2. Transfers of Property to a Community Property Trust By Beneficiary Designation. This new provision allows property such as life insurance and IRAs to be transferred to a community property trust (thereby characterizing this property as community property) by designating the trust as the beneficiary of such property. This amendment will assist couples using joint revocable trusts, and non-residents using Alaska community property trusts, in characterizing such assets as community property. 

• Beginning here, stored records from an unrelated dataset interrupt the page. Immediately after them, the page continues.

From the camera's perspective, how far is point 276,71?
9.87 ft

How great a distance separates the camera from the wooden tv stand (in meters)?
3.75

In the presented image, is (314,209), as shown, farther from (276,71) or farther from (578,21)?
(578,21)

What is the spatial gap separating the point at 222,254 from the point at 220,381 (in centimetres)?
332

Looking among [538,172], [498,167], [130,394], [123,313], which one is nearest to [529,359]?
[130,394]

3. Life Insurance. This amendment focuses upon the use of community property funds for the payment of premiums on life insurance policies. A.S. 34.77.120(b)(5) is amended to create a presumption that the use of community property funds to purchase a life insurance policy for the benefit of certain family members, or a trust for those members, is presumed to be made with the consent of the other spouse. The existing statute creates such a presumption if the beneficiary is the parent or child of either spouse. The amendment expands this category to ancestors or descendants of either spouse, or a trust for the benefit of such persons. 

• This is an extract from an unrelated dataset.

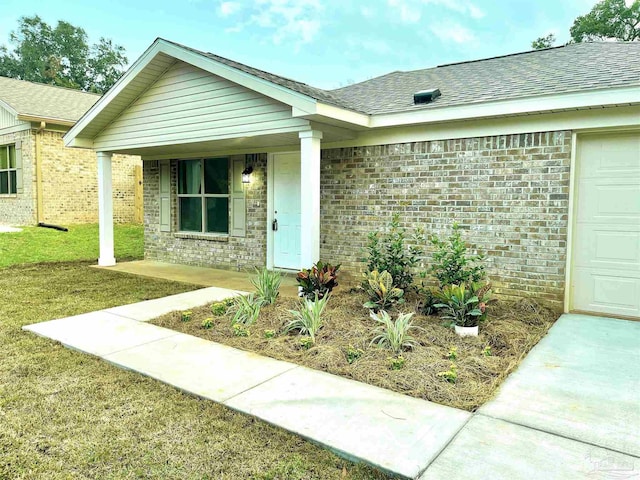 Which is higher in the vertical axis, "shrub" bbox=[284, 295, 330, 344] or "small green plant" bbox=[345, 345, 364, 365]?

A new subsection (7) is added to A.S. 34.77.120(b). The purpose of this provision is to protect the spouses from undesired and unexpected federal estate tax consequences. Assume that one of the spouses forms an irrevocable life insurance trust and contributes funds to the trust so that the trustee may purchase a life insurance policy on such spouse's life. Typically such a trust will be for the benefit of the surviving spouse, and then the family's children. If the funds contributed to the trust came from a community property source, the IRS may argue that if the surviving spouse is a beneficiary of the trust, then pursuant to Internal Revenue Code Section 2036 the trust will be partially included in the surviving spouse's gross estate for federal estate tax purposes. To avoid this undesirable consequence, the amendment creates a presumption that any funds contributed to such a trust were first converted to the separate property of the insured spouse. The testimony of the spouse whose life is not insured is sufficient to rebut either of the presumptions described above. 

4. Division of Community Property at Death. This amendment clarifies that on the death of a spouse, one-half of the community property reflects the share of the decedent and the other one-half reflects the share of the surviving spouse. Further, the Alaska Legislature has adopted the aggregate form of ownership of community property. Therefore, upon the death of a spouse, a distribution of community property in kind may be made on the basis of a non-pro rata division of the aggregate value of the community property.  

The goal of this amendment is to allow for flexibility in the division of assets after the death of the first spouse. For example, a couple's assets may consist of a large qualified plan or IRA account plus an approximately equal amount of other assets. Assume that all of the assets are community property and the spouse who acquired the retirement assets dies first. A non-pro rata division of the community property on an aggregate basis would allow the retirement assets to be transferred to the surviving spouse, as his or her one-half of the community property, and the other assets to be used to fund the bypass trust created by the deceased spouse's will. Such a non-pro rata division would maximize both income tax and estate tax planning benefits. 

These community property amendments became effective as of May 8, 2001.